# Würfel !



## wmbetter (9. Nov 2006)

Hallo !


Ich würde gerne eine Klasse schreiben, die einen Spielwürfel mit beliebig vielen Seiten repräsentiert. 
Das ganze soll für meinen kleinen Bruder sein, der mir nicht glauben will, dass man auf dem Computer auch würfeln kann 

Leider tu ich mir selber schwer damit das hinzukriegen.
Hat vielleicht irgendjemand ein Muster für ein derartiges Programm ?
Ich stelle mir das ca so vor, dass man
dem Konstruktor  die Anzahl der Seiten des Würfels angeben kann; die Methode werfen() liefert (gleichverteilt) einen zufälligen ganzzahligen Wert zwischen 1 und beliebig zurück.

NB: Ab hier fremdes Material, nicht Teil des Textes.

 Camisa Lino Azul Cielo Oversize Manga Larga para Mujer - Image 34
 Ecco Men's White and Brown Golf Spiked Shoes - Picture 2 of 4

Naja vielleicht kann mir ja jemand helfen !


Lg, Bernd


----------



## Wildcard (9. Nov 2006)

Das ist doch kein Problem.
Übergibt die Augenzahl im Konstruktor und speicher diesen Wert in einer Variablen.
Dann hast du eine werfe() Methode die auf basis dieser Zahl eine Zufallszahl zurückliefert.


----------



## EOB (9. Nov 2006)

oder willst du das grafisch? dann wirds natuelich komplizierter. 

gruesse


----------



## Beni (9. Nov 2006)

Zufallszahlen kann man über "Math.random" oder ein Objekt der Klasse "Random" beziehen :wink:

Allerdings sind das nur Pseudozufallszahlen, dein kleiner Bruder hat insofern recht, als dass ein normaler PC keinen echten Zufall (unter der Annahme, dass der überhaupt existiert) erzeugen kann.


----------



## EOB (9. Nov 2006)

ob das der kleine bruder wohl wusste . wie war das, der zufall hat kein gedaechtnis....

gruesse


----------



## Micha_S (9. Nov 2006)

Wie könnte man so was denn mal grafisch darstellen?
Sagt mal nur ein paar schöne stichwörter, unter denen ich mich mal durch die literatur wälzen kann.
Macht man das am besten mit irgendwelchen "gemalten" bildern oder drawOval() auf nem Quadrat?


----------



## Wildcard (9. Nov 2006)

Würfeln ist auch kein echter Zufall sondern nur schwer vorherzusagen :wink:


----------



## EOB (9. Nov 2006)

java3d  :shock:


----------



## wmbetter (9. Nov 2006)

hi ! danke für eure Hilfe !

Nein es soll nichts graphisches sein, ganz normal im Text, alles andere wäre mir sowieso zu schwer !

Grüße


----------



## Ark (9. Nov 2006)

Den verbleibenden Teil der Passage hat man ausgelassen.